>In DACH, there's not really an alternative for many homes.
And yet in Austria, most apartment buildings in big cities are still heated by burning heating oil, gas or even firewood. Worst of the worst for air quality.
Walk through Graz in sub-zero winters and it's like you're breathing in a barbeque bonfire. Even your clothes smell like soot when you get home if you've been out too long. Which is bizarre to me, considering how much posturing and chest thumping Austria is doing about how green and anti-Nuclear they are yet they love burring wood and oil. Male this make sense please.
Sure, rich people in the bacon belt living in single family homes in the suburbs or rural areas, have heat pumps, solar panels on the roof and a Tesla in the garage, but that's a different story compared to those living in the city stuck in the fossil fuel stone age, where they have no choice over their rented building's heating method.
How do you convert the city's apartment buildings to heat pumps? Is it a technological limitation? Money limitation? Bureaucratic and political limitation? All of the above?

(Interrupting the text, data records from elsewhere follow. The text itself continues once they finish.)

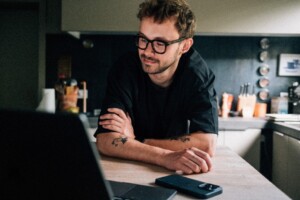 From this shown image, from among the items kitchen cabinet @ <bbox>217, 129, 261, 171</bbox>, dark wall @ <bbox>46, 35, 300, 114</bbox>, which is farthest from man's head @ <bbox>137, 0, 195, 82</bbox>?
dark wall @ <bbox>46, 35, 300, 114</bbox>

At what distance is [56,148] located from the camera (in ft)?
1.44

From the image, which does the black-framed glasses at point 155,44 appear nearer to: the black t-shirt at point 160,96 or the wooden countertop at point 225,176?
the black t-shirt at point 160,96

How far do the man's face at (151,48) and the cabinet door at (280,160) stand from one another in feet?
4.64

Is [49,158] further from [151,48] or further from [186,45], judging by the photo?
[186,45]

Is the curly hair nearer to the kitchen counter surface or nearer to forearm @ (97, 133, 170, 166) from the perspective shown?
forearm @ (97, 133, 170, 166)

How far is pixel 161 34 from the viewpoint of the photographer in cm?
133

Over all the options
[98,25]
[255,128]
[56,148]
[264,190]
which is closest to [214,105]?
[264,190]

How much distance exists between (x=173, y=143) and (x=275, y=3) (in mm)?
1829

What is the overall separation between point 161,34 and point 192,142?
1.42ft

Beurocratic and political limitation.
Firewood and heating oil isn't cheaper, it merely has lower upfront cost in exchange for a higher total cost. An efficient governance system (whether that's capitalism and banks with loans or renting out the hearpumps or a centrally planned replacement program or anything else) would figure out the financing and save the system money by updating.

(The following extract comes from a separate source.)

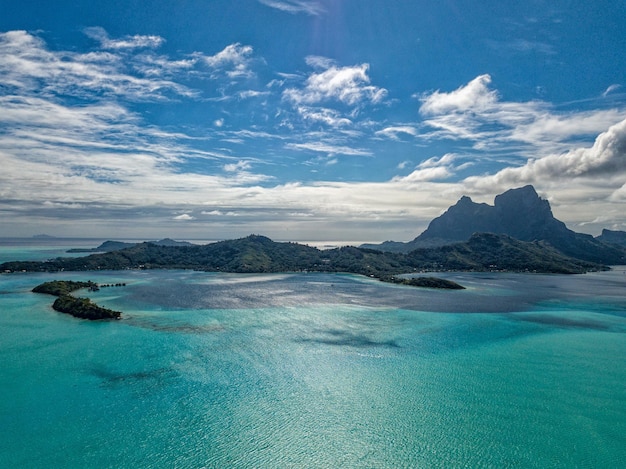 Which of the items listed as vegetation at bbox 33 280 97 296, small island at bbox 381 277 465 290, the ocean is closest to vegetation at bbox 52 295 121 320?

Technology can make the incentives even larger. Excess money can make it easier for the governance system to reach the solution. But it's at the point where without any improvement to either an ideal system would figure out how to make the switch happen.
It's incentives. Landlord pays for the installation and decides, tenant for the operation/heating.
Best way to get around this is making heat pumps more accessible (easy to get, financing options), as well as legislation (banning gas/oil heating).